Нет, дорогой друг, мне с вами трудно согласиться. На мой взгляд, с людей страдающих надобно срывать словесные лохмотья, часто под ними объявится здоровое тело лентяя и актера, игрока на сострадание и даже — хуже того.
Мне думается, что вас, «художника», не «клячи трогают до слез», а вы волнуетесь от недостаточно понятого вами отсутствия смысла в бытии «кляч». Поймите меня — я смотрю на сию путаницу не с точки зрения социальной неразберихи, а глазами инстинкта, биологической силы, которая внушает мне вражду ко всякому страданию».
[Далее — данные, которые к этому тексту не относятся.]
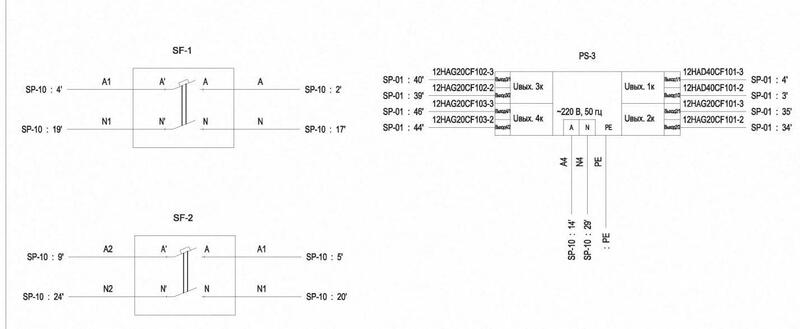 Рис. 5. Фрагмент документа Схема электрическая монтажных соединений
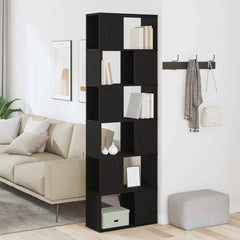 Book Cabinet/Room Divider 60x24x186 cm Black oak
Да, совершенно очевидно, что «беседу об искусстве мы — истинно по-русски — свели к вопросам морали». Я не мог бы снять с себя за это вину. Но и Горький был повинен в этом слишком явно. Да и как бы могло быть иначе? Русская литература всегда возвышалась над другими литературами своим стремлением насытить содержание искусства проблемами морали. Она именно «философствовала и проповедовала», в равной мере — устами писателей и своих героев. В искусстве Горький убеждал и молодую литературу и самого себя предоставить проповеди героям, сохраняя за художником его «нетенденциозность», но в жизни он, один из величайших моралистов современности, не мог сложить свое оружие, и как раз переписка, наряду с публицистикой, давала простор для его учительства, которого он готов был лишить себя в своих художественных произведениях. Переписка привела к тому, что Горький высказал в сжатой формуле моральный принцип, руководивший им во всем деле его жизни: «Страдание необходимо ненавидеть, лишь этим уничтожишь его. Оно унижает Человека, существо великое и трагическое».
Здесь с яркостью проявилась последовательность Горького в отношении к своему антиподу — Достоевскому, с его идеей об «очистительном» значении страданий. Отрицание Достоевского естественно должно было привести к отрицанию Гоголя, поскольку «все мы вышли из «Шинели» Гоголя», как сказал Достоевский. И Горький направляет удар против Акакия Акакиевича — против этого знамени жалости и состраданья.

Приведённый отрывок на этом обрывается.